WHAT TO PRODUCE: There is material below. Print exactly the lines starting at the line with "100W USB C Charger" and ending at the line with "3 Pack Hand", ends included, and no others.
BEGIN DATA SECTION
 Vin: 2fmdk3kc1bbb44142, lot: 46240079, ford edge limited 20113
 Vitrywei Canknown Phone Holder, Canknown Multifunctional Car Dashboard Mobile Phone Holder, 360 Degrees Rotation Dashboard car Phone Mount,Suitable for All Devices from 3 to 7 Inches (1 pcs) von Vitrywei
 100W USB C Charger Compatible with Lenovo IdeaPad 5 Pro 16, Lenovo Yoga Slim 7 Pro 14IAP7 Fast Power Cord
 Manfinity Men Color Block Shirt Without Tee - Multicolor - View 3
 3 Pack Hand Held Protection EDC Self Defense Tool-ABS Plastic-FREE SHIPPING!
END DATA SECTION
BEGIN DATA SECTION
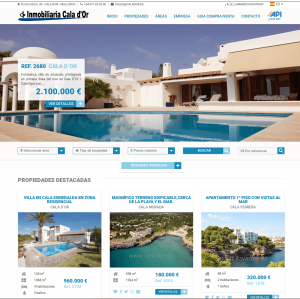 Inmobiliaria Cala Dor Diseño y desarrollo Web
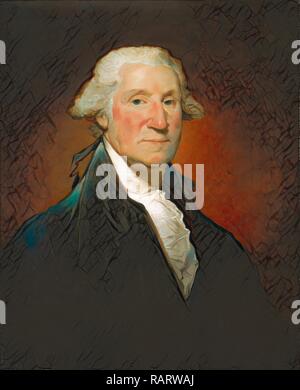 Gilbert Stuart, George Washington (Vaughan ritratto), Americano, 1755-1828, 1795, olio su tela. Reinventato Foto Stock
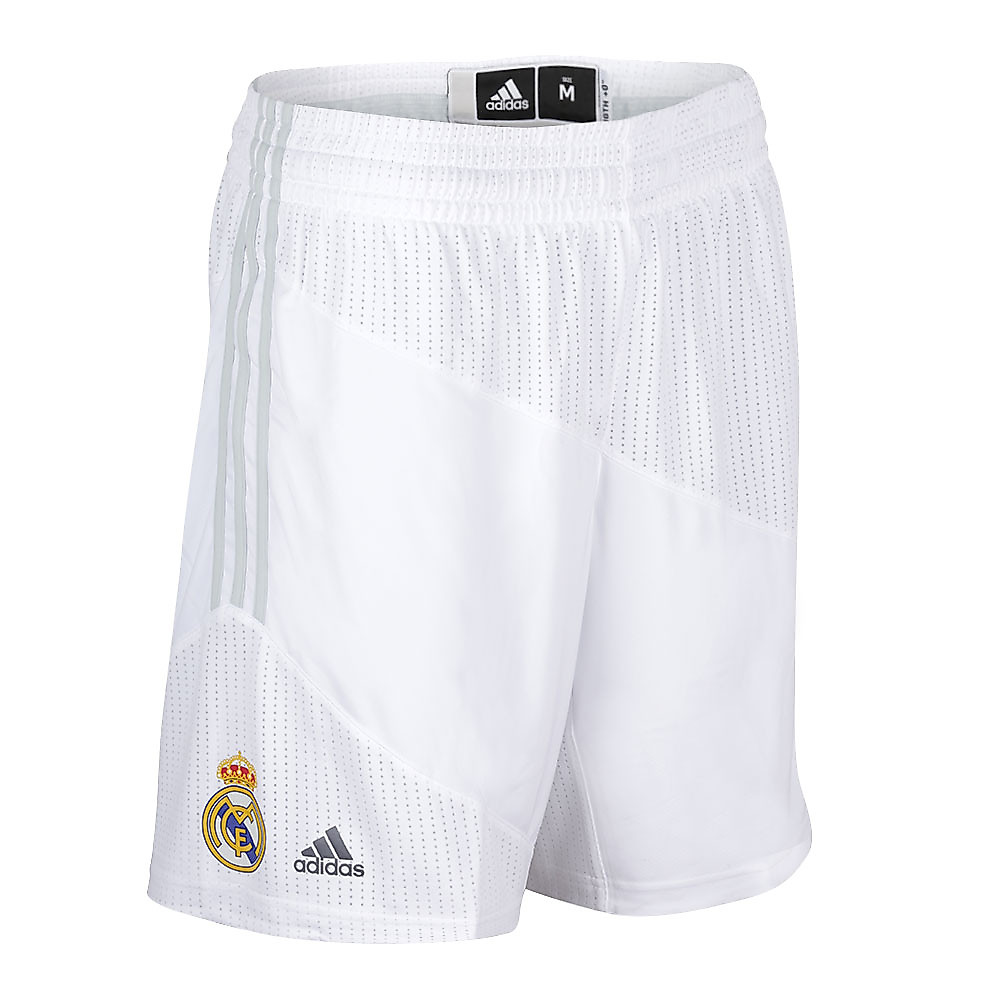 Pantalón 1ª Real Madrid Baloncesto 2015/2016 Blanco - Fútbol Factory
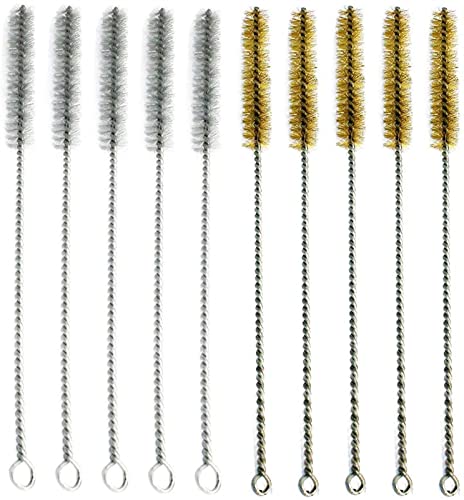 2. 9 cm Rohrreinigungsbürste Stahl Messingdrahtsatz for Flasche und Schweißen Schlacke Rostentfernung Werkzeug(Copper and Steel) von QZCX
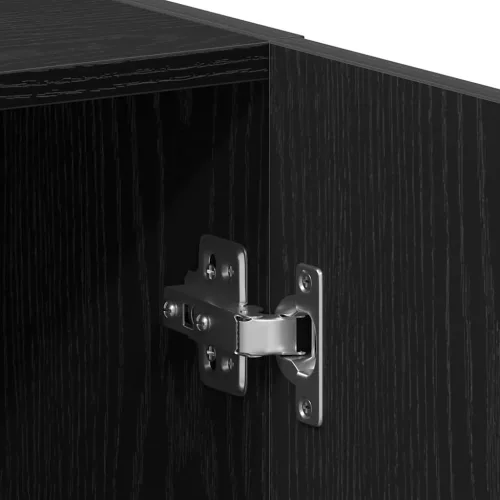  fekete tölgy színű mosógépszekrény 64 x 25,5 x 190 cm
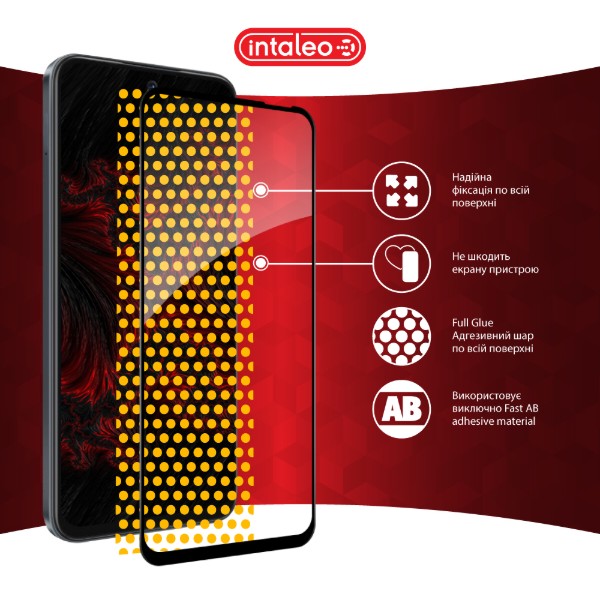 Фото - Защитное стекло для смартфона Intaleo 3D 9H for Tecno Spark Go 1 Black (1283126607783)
END DATA SECTION
BEGIN DATA SECTION
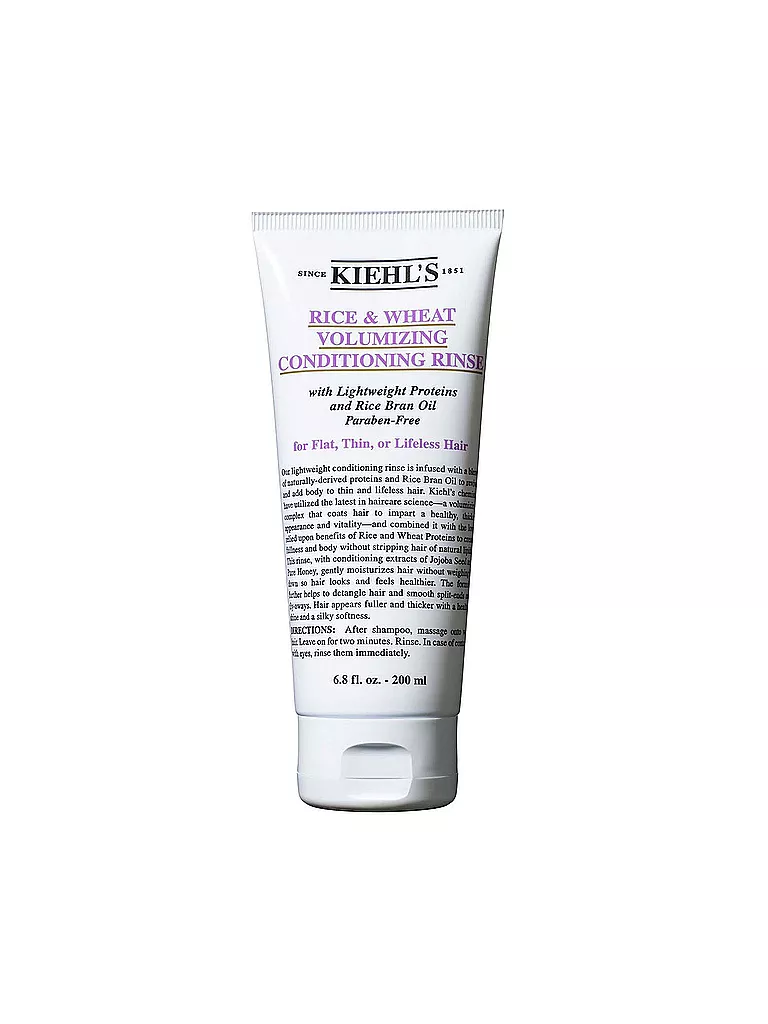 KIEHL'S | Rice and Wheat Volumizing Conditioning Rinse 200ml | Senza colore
END DATA SECTION
EXPECTED ANSWER:
 100W USB C Charger Compatible with Lenovo IdeaPad 5 Pro 16, Lenovo Yoga Slim 7 Pro 14IAP7 Fast Power Cord
 Manfinity Men Color Block Shirt Without Tee - Multicolor - View 3
 3 Pack Hand Held Protection EDC Self Defense Tool-ABS Plastic-FREE SHIPPING!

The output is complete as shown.